▶ **Exercise data**
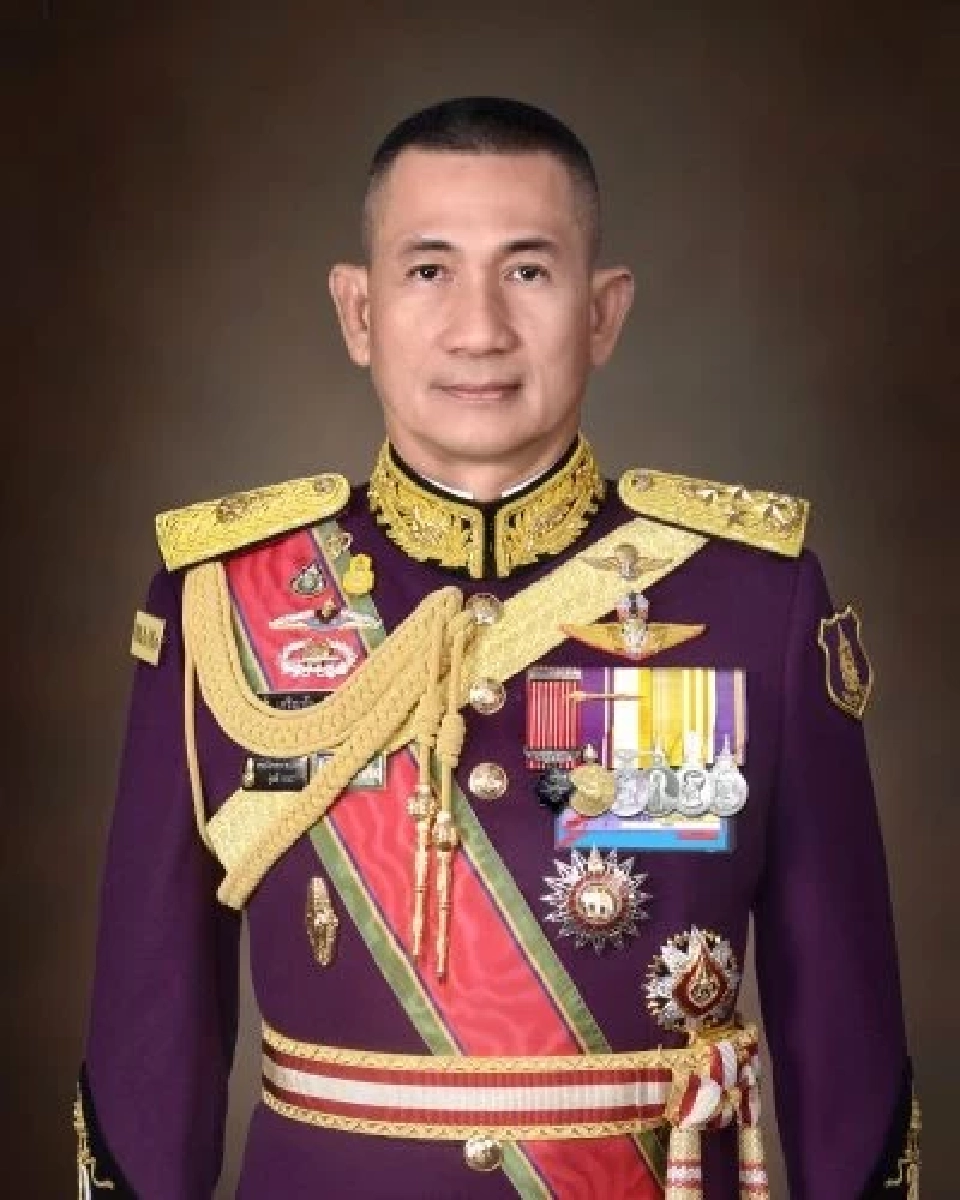  พล.อ.เจริญชัย หินเธาว์ รอง ผบ.ทบ. รักษาการ ผบ.ทบ.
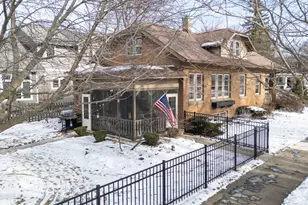 603 N Brainard St, Naperville, IL 60563 - Photo 24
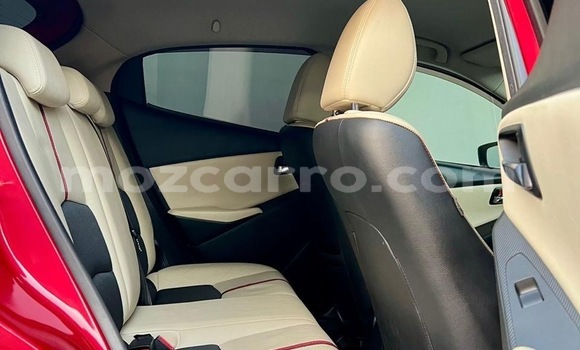Comprar Usado Mazda Demio Vermelho Carro em Maputo em Maputo Comprar Usado Mazda Demio Vermelho Carro em Maputo em Maputo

▶ **Aim of the exercise**
Copy out every line of the data exactly, leaving the images behind.

▶ **Response box**
  พล.อ.เจริญชัย หินเธาว์ รอง ผบ.ทบ. รักษาการ ผบ.ทบ.
 603 N Brainard St, Naperville, IL 60563 - Photo 24
Comprar Usado Mazda Demio Vermelho Carro em Maputo em Maputo Comprar Usado Mazda Demio Vermelho Carro em Maputo em Maputo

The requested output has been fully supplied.